Je lui demande quelle est la dernière fois qu’il a travaillé : un chantier, en février. Mais le patron a fini par lui faire arrêter, s’inquiétant de sa santé avec l’hiver. Et pour trouver du travail, il faut un CV, un téléphone… Pendant la discussion un asiatique est passé rapidement, lui annonçant sans lui promettre que c’était peut-être bon pour demain. Un plan pour une carte SIM. « C’est sympa, il n’est pas obligé de nous aider comme ça. » Et puis tout coûte cher : pour faire un CV, etc.

En deux mots, à un âge où ils devraient être à l’université ou apprentis sur un chantier, ils sont dans une merde noire.

« Je peux te proposer un lit et une douche, pour un jour ou deux.

– Mais y a mon pote…

– Je peux vous proposer deux lits et une douche.

– Ouais mais je veux pas vous gêner…

– Honnêtement ça me fait encore plus chier de te voir dans la rue. »

Son expression ne laisse aucun doute sur l’idée de pouvoir dormir sous un toit, mais ils ont déjà eu de mauvaises expériences semble-t-il sous-entendre, alors il va voir avec son pote quand ils se retrouveront. Je lui laisse un numéro où me rappeler. Je n’ai pas eu de nouvelle depuis.

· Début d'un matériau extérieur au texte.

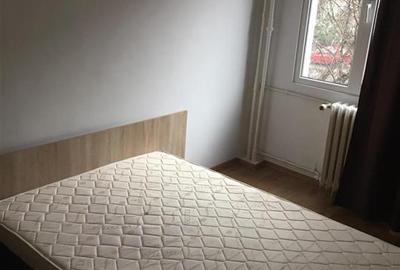 2 Camere | Metrou Dristor 2 | Etaj 1 | Sector 3  51 MP - 9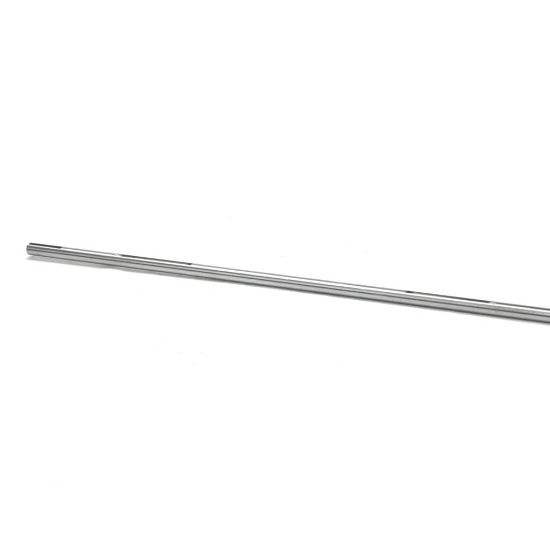 Picture of Lennox 93J8701 Shaft Blwr 1-7/16-Inch X 60-3/8-Inch Lng Part# 93J87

Peut-être ont-ils préféré ne pas faire confiance, peut-être n’ont-ils pas osé, peut-être un peu de tout ça. Peut-être aussi ont-ils eu une autre galère et n’ont pas pu me joindre. Je repasserai à l’occasion prendre des nouvelles.

Maxime est facile à trouver : il est toujours sur la rue d’Ivry, pas très loin de la rue Tolbiac. Il ne sait pas que j’ai écrit ceci, mais si vous pensez pouvoir l’aider, passez donc lui rendre visite. Ma conviction est qu’ils n’ont rien à faire là, croulant sous la fatigue et pourtant inactifs, quand ils devraient jouer un tout autre rôle dans la société. Mon impression est qu’il faudrait finalement assez peu de chose pour les sortir de là, mais que c’est absolument hors de portée sans une aide extérieure : un lit, un repas, un travail (à ce stade autant dire que même une très courte durée serait bien venue)…  Si vous avez cela, merci pour eux.